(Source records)
--*--

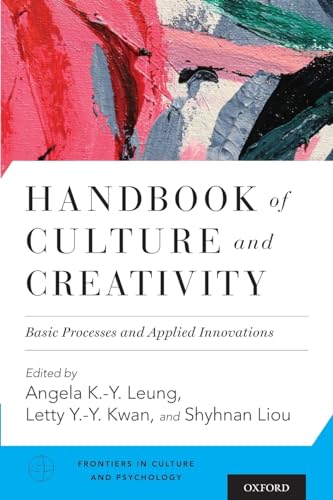 Stock image for Handbook of Culture and Creativity: Basic Processes and Applied Innovations (Frontiers in Culture and Psychology) for sale by Housing Works Online Bookstore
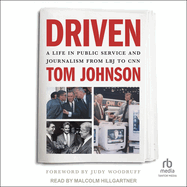 Driven: A Life in Public Service and Journalism from LBJ to CNN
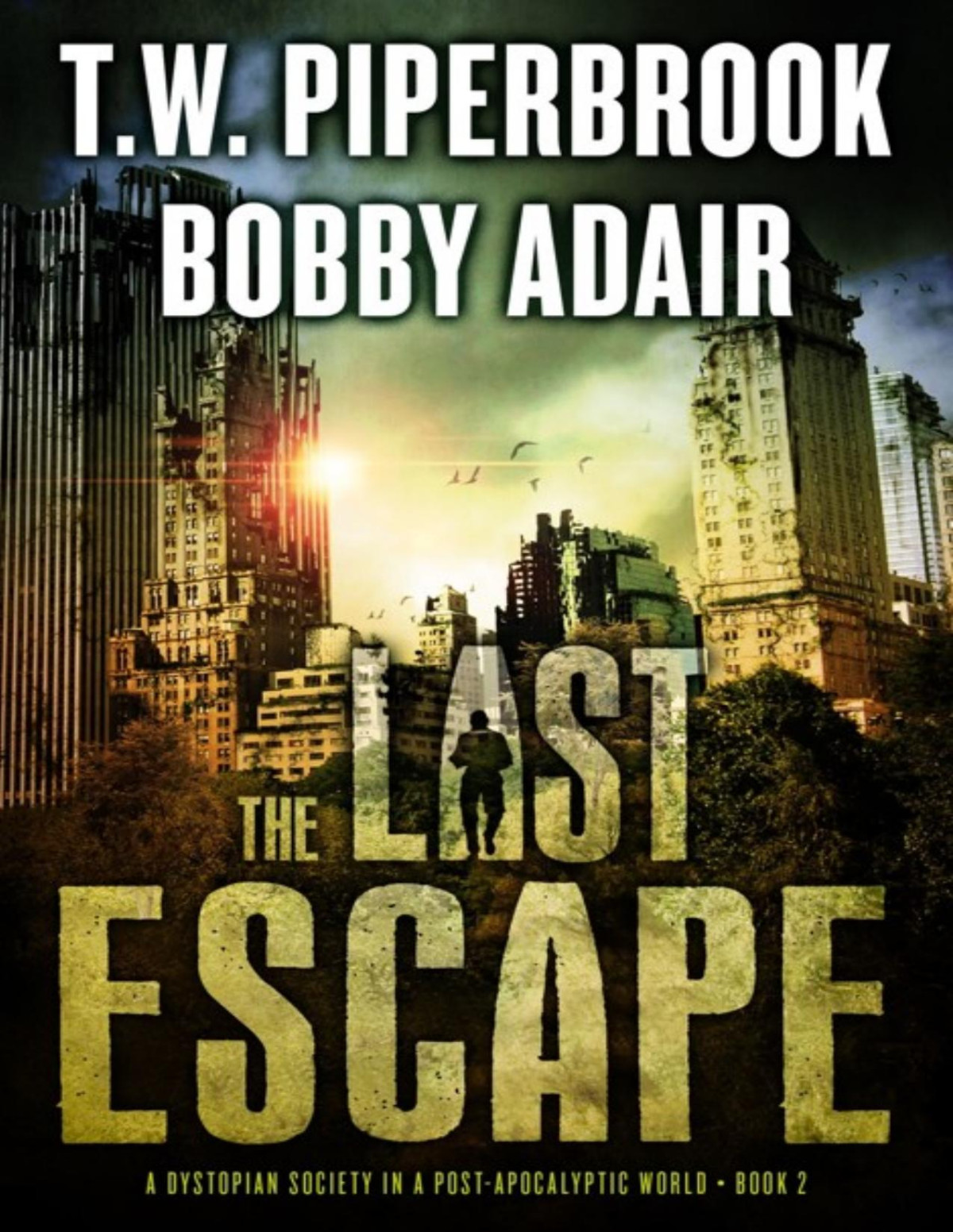 Last Survivors 2 The Last Escape T W Piperbrook Bobby Adair
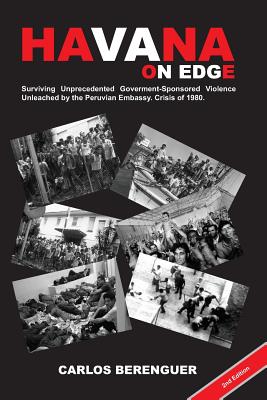 HAVANA on Edge: (Color2Ed). Surviving Unprecedented Government-Sponsored Violence Unleached on the Peruvian Embassy. Crisis of 1980. By Carlos Berenguer Cover Image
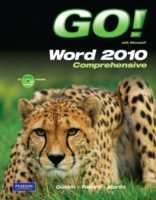 Go! with Microsoft Word 2010, Comprehensive （SPI PAP/CD）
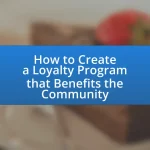 How to Create a Loyalty Program that Benefits the Community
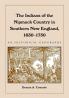 The Indians of the Nipmuck Country in Southern New England 1630-1750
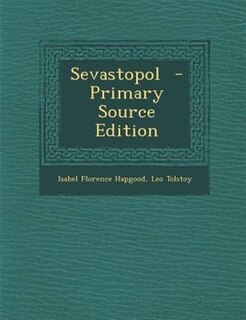 Sevastopol  - Primary Source Edition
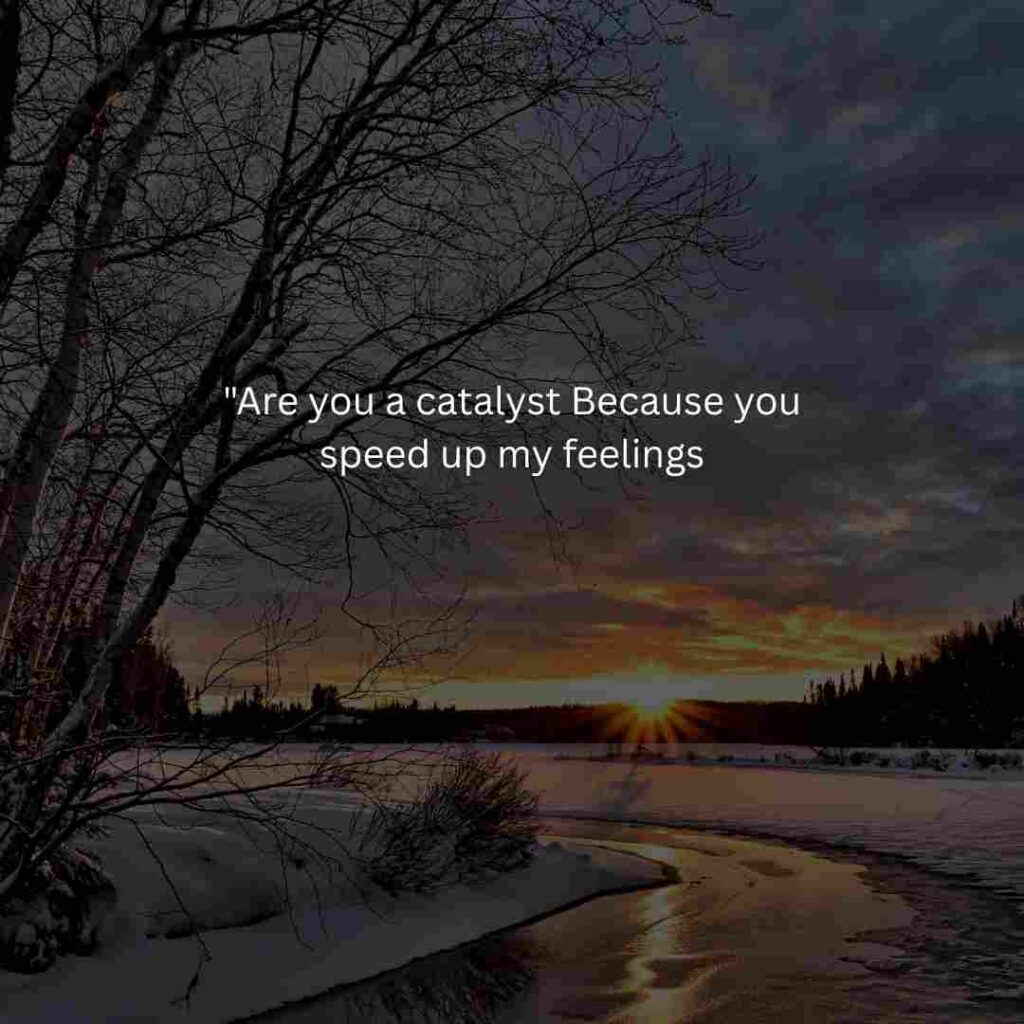 Chemistry Pickup Lines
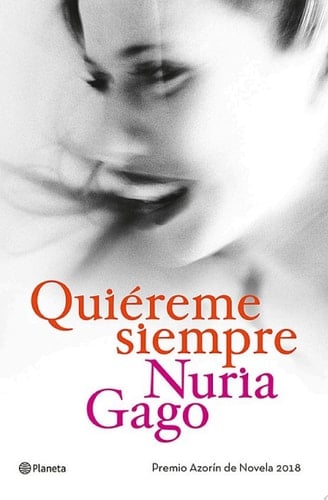 Quiéreme siempre Premio Azorín de Novela 2018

--*--

● Goal of the exercise: Retype exactly the lines from the one containing "The Indians of" through the last line of the records above, both included, and leave out any pictures.

● Task output:
 The Indians of the Nipmuck Country in Southern New England 1630-1750
 Sevastopol  - Primary Source Edition
 Chemistry Pickup Lines
 Quiéreme siempre Premio Azorín de Novela 2018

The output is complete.